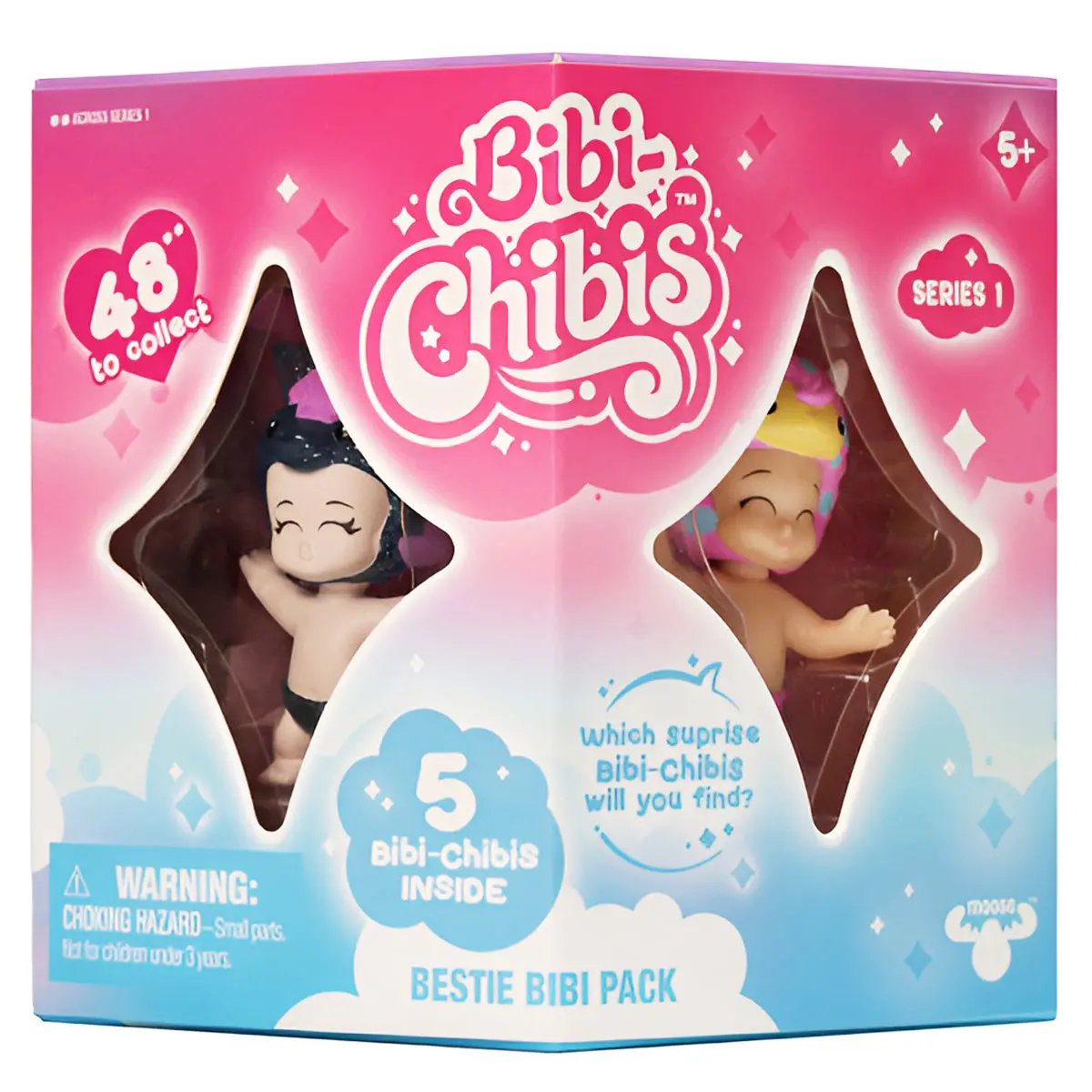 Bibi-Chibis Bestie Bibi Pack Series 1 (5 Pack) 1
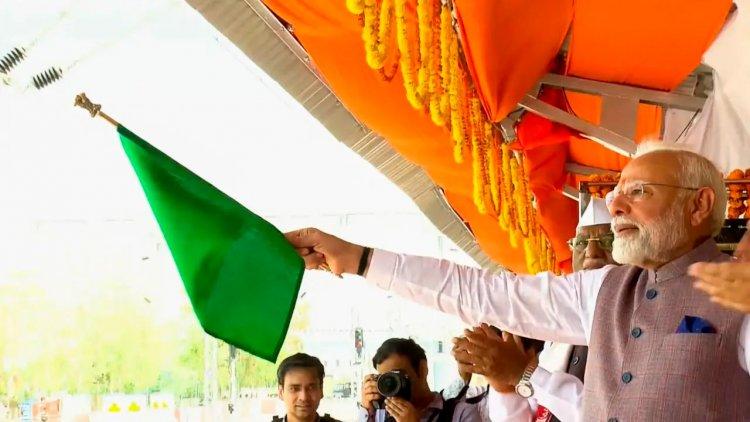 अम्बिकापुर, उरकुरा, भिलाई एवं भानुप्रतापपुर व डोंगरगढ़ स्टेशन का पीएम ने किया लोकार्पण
◆ ◆ ◆ ◆ ◆ ◆ ◆
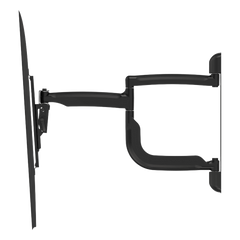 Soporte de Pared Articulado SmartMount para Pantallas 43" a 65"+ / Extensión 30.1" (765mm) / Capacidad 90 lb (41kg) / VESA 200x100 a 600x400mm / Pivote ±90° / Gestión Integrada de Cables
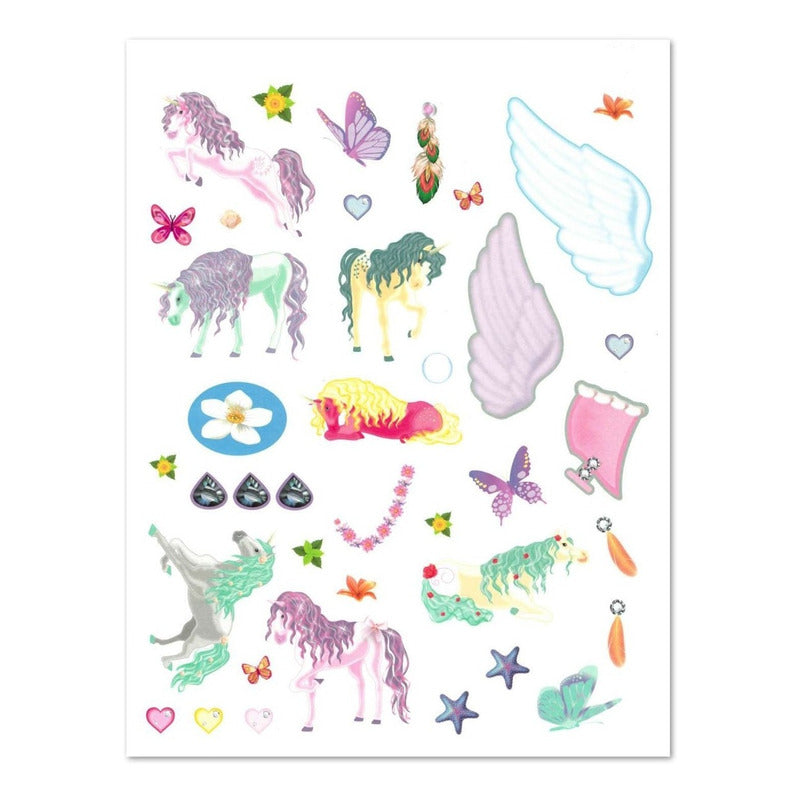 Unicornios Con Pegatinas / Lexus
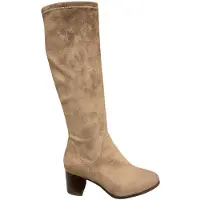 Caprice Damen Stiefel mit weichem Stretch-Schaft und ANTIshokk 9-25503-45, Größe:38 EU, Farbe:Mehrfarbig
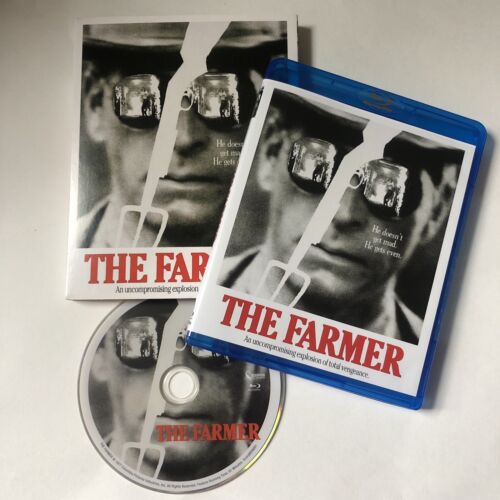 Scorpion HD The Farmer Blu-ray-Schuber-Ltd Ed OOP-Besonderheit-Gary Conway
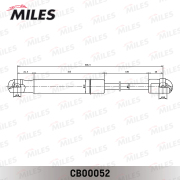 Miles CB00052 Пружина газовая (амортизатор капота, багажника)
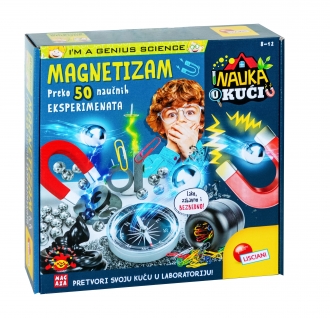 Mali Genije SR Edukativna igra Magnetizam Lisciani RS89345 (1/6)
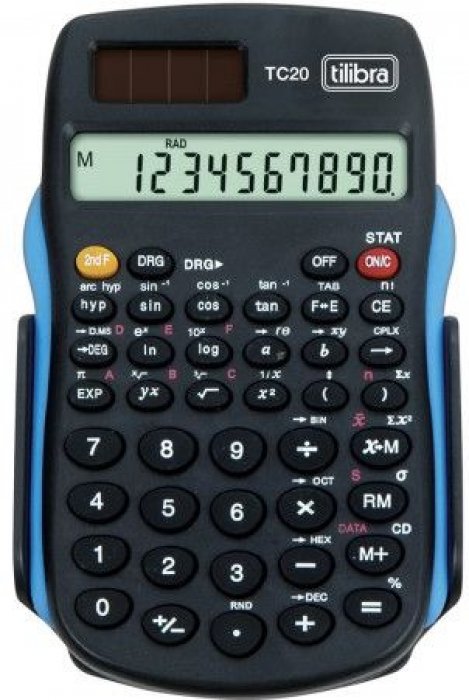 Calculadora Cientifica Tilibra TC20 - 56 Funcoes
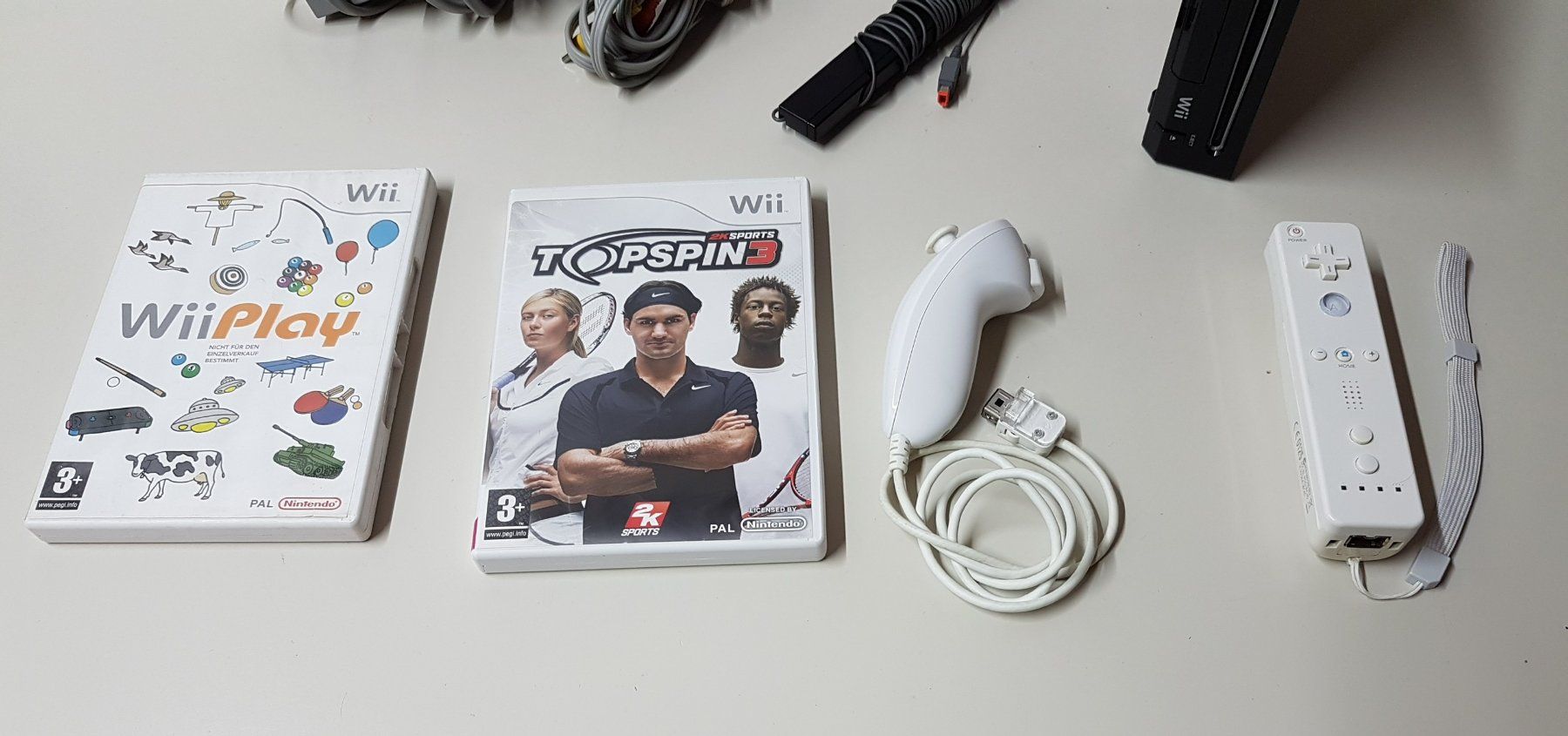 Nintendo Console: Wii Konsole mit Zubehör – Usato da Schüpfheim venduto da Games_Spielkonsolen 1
◆ ◆ ◆ ◆ ◆ ◆ ◆
**Assignment:**
Begin at the line in the entries above that has "Soporte de Pared", stop after the line that has "Nintendo Console: Wii", and output exactly those lines without pictures.

**Exercise answer:**
 Soporte de Pared Articulado SmartMount para Pantallas 43" a 65"+ / Extensión 30.1" (765mm) / Capacidad 90 lb (41kg) / VESA 200x100 a 600x400mm / Pivote ±90° / Gestión Integrada de Cables
 Unicornios Con Pegatinas / Lexus
 Caprice Damen Stiefel mit weichem Stretch-Schaft und ANTIshokk 9-25503-45, Größe:38 EU, Farbe:Mehrfarbig
 Scorpion HD The Farmer Blu-ray-Schuber-Ltd Ed OOP-Besonderheit-Gary Conway
 Miles CB00052 Пружина газовая (амортизатор капота, багажника)
 Mali Genije SR Edukativna igra Magnetizam Lisciani RS89345 (1/6)
 Calculadora Cientifica Tilibra TC20 - 56 Funcoes
 Nintendo Console: Wii Konsole mit Zubehör – Usato da Schüpfheim venduto da Games_Spielkonsolen 1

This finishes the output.